Some claims represent genuinely fertile areas of technical and product development: agentic AI, for example, is raising the bar on AI automation and problem-solving capabilities. Others represent a lot of heat but little light, pitting empty prognostications against each other over ill-defined concepts like “AGI” or the “singularity.” So where does “synthetic sample” fall?

The potential of synthetic sample

Following the release of the groundbreaking paper Predicting Results of Social Science Experiments Using Large Language Models, by Swayable research alumnus and MIT cognitive science PhD Luke Hewitt and his co-authors, an intriguing possibility was raised: could survey responses in consumer research be replaced by LLM completions?

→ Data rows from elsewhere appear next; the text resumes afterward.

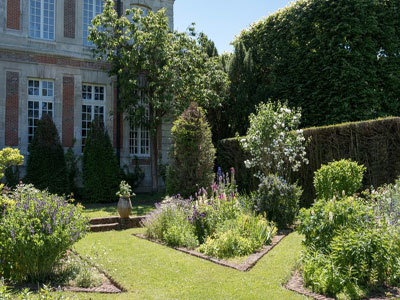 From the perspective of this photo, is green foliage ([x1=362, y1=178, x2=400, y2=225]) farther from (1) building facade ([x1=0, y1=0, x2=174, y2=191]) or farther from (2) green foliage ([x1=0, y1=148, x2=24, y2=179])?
(1) building facade ([x1=0, y1=0, x2=174, y2=191])

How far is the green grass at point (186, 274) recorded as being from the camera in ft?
14.1

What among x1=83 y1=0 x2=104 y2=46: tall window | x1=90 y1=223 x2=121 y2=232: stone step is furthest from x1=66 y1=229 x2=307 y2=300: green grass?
x1=83 y1=0 x2=104 y2=46: tall window

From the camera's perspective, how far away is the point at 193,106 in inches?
407

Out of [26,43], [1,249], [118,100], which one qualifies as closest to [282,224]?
[1,249]

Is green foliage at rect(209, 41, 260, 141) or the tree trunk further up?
green foliage at rect(209, 41, 260, 141)

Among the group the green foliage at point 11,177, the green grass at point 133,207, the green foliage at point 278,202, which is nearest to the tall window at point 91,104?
the green foliage at point 11,177

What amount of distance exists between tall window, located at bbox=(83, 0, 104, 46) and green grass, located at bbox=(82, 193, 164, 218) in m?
6.96

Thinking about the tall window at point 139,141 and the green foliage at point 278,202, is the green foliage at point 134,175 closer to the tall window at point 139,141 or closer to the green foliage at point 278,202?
the tall window at point 139,141

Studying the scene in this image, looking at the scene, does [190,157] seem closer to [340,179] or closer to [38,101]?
[340,179]

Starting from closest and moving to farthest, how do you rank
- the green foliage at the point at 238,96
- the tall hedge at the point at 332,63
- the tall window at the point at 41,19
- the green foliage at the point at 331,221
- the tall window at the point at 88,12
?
the green foliage at the point at 331,221
the tall hedge at the point at 332,63
the tall window at the point at 41,19
the tall window at the point at 88,12
the green foliage at the point at 238,96

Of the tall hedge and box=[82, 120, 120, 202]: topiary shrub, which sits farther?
the tall hedge

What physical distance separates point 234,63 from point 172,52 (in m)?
3.57

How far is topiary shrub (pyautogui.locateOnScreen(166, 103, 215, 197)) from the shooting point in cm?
997

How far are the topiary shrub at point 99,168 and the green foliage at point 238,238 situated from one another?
23.2ft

And if so, in what circumstances?

The Hewitt et al paper demonstrated for the first time that for a range of social science survey experiments, LLM responses were able to predict the outcomes from human subjects. This was a surprising and profound result, raising important follow-up questions, such as why this is the case, and what the bounds are around where predictions make sense vs. where they don’t.

While this research continues—at Swayable and in the broader research community—some commentators have raced ahead to suggest we might one day eliminate the consumer entirely from some consumer research, perhaps even today. Since we have been asked about this increasingly regularly, we figured it would be helpful to share our perspective.

Swayable’s POV on synthetic sample

Does AI replace the need for rigorous consumer testing? No.

So is “synthetic sample” just hype? Also no. There are very interesting early results showing AI models predicting how humans respond to messages in certain contexts.

Does anyone know why this works? No. This is the hot field of AI interpretability.

Do we understand the boundaries around what can and cannot be predicted by LLMs? No. Right now this is a case of many unknown unknowns.

Should I deploy synthetic sample approaches to my marketing research right now? Not if you need to measure impact on attitudes, opinions, and intentions. If you’re doing ideation, it may soon become useful.

 

What synthetic sample can do

The Hewitt et al paper analyzed 70 survey experiment-based studies in fields such as psychology, political science, and public health. These studies addressed topics like reducing prejudicial attitudes, political partisanship, and misinformation.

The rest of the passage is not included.